Наиболее известны апории, сформулированные древнегреческим философом Зеноном Элейским. В них рассказывается о быстроногом Ахилле, который не способен догнать медлительную черепаху; о брошенной стреле, которая не только не долетит до цели, но даже не сдвинется с места, и т. п. Эти и подобные им апории теперь признаны подлинными парадоксами, связанными с возможностью описать движение без противоречия.

Апории очень близки к антиномиям, но все-таки отличаются от них в одном важном моменте. Антиномия представляет собой два несовместимых утверждения, одно из которых отрицает другое. Апория же выдвигает и обосновывает положение, явно противоречащее нашему опыту.

Мы знаем, к примеру, что человек способен догнать и перегнать черепаху. Но вот появляется мудрец и, как представляется, убедительно доказывает, что это невозможно. Возникает противоречие между тем, что уже известно из непосредственного опыта, и тем, что выводится путем рассуждения. Это противоречие и составляет основу апории и фиксируемой ею проблемы.

Апории встречаются и сейчас, в современном мышлении и в сегодняшней науке. Всякий раз, когда принятая и хорошо апробированная теория вдруг резко расходится с достаточно твердо установленными фактами, можно говорить о возникновении проблемы. И эта проблема будет относиться к тому роду затруднений, которые в древности называли апориями.

Например, очевидно, что окружающий нас мир, несмотря на происходящие в нем постоянные изменения, в определенном смысле устойчив. Одни и те же вещества постоянно имеют одни и те же свойства, образуются одни и те же кристаллы, возникают одни и те же соединения и т. д. И после многих изменений, вызванных воздействием извне, атом, допустим, железа, в конце концов, остается тем же атомом железа с теми же самыми свойствами. Мы постоянно наблюдаем в природе тенденцию к образованию определенных форм и к воспроизведению их заново даже тогда, когда они нарушены или разрушены. Устойчивость живых организмов, образование сложнейших форм, которые к тому же способны существовать всегда лишь как целое, — явления этого же рода.

Устойчивость мира — очевидный факт. Но, оказывается, с точки зрения классической механики Ньютона подобная устойчивость в принципе недостижима. В свете данной теории эта постоянно проявляющаяся особенность природы выглядит подлинным чудом, которое невозможно объяснить.

Это противоречие между теоретическим рассуждением и опытом — типичная апория. Оно обсуждалось в 1922 г. двумя тогда еще молодыми физиками Н. Бором и В. Гейзенбергом, о чем последний вспоминает в своей книге «Часть и целое». Бор, в частности, сказал тогда, что именно размышление надданным затруднением заставило его отказаться от классической механики при объяснении внутреннего строения атома[5].

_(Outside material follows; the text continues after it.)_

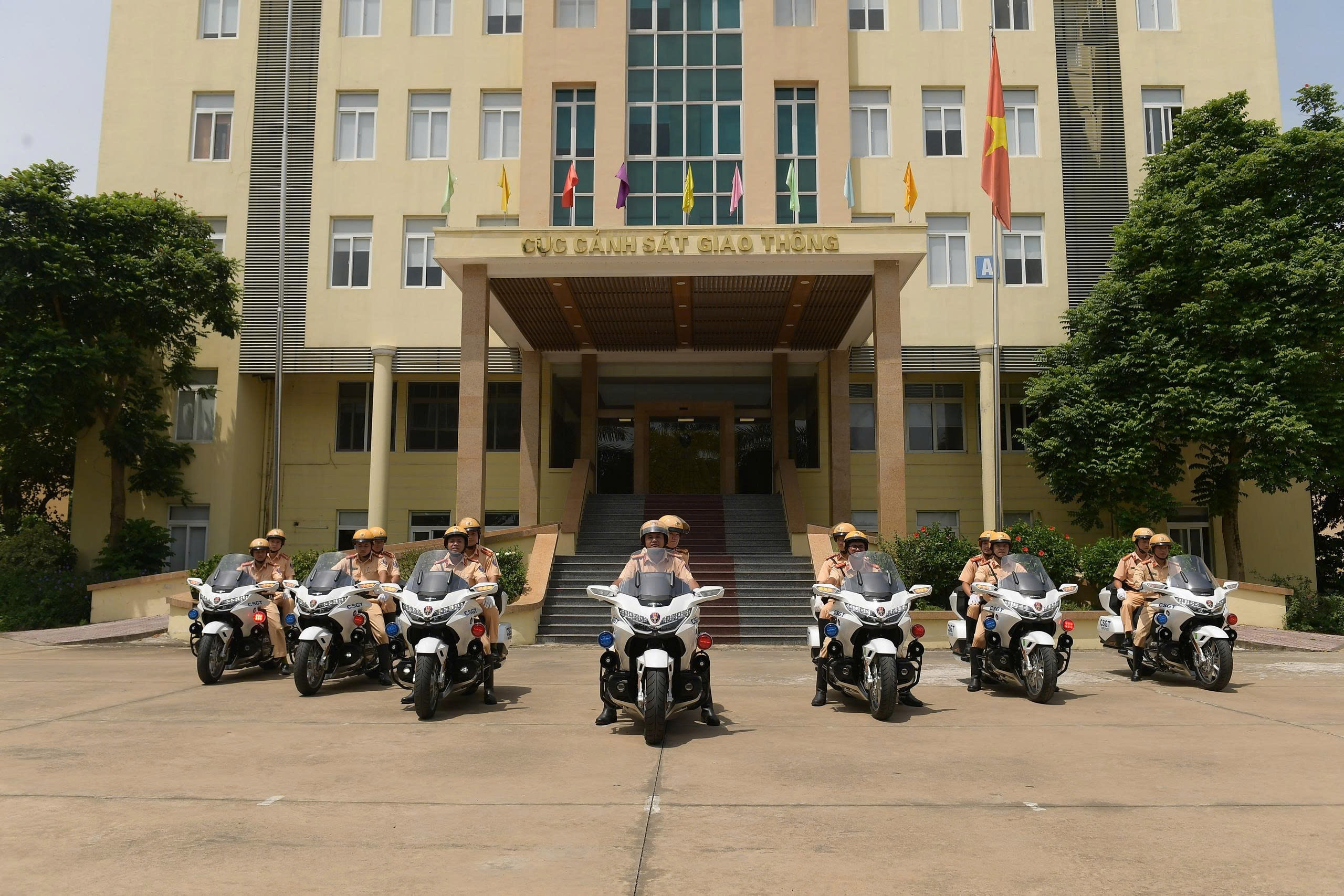 Ngắm cán bộ, chiến sĩ và dàn xe đặc chủng của lực lượng Cảnh sát giao thông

  • [1] НЕЯВНЫЕ ПРОБЛЕМЫ Проблемные ситуации последних четырех типов — это неявныепроблемы, которые характеризуются тем, что имеется какое-то затруднение, недоумение, «загвоздка», но нет открытого и прямо поставленного вопроса.
  • [2] Гоголь Н. В. Мертвые души. М., 1967. С. 234.
  • [3] Гуссерль Э. Кризис европейского человечества и философия // Общество, культура, философия. М., 1983. С. 36.
  • [4] Поппер К. Логика и рост научного знания // Избранные работы. М., 1988.С. 544.
  • [5] См.: Гейзенберг В. Часть и целое // Проблема объекта в современной науке.М., 1980. С. 63−64.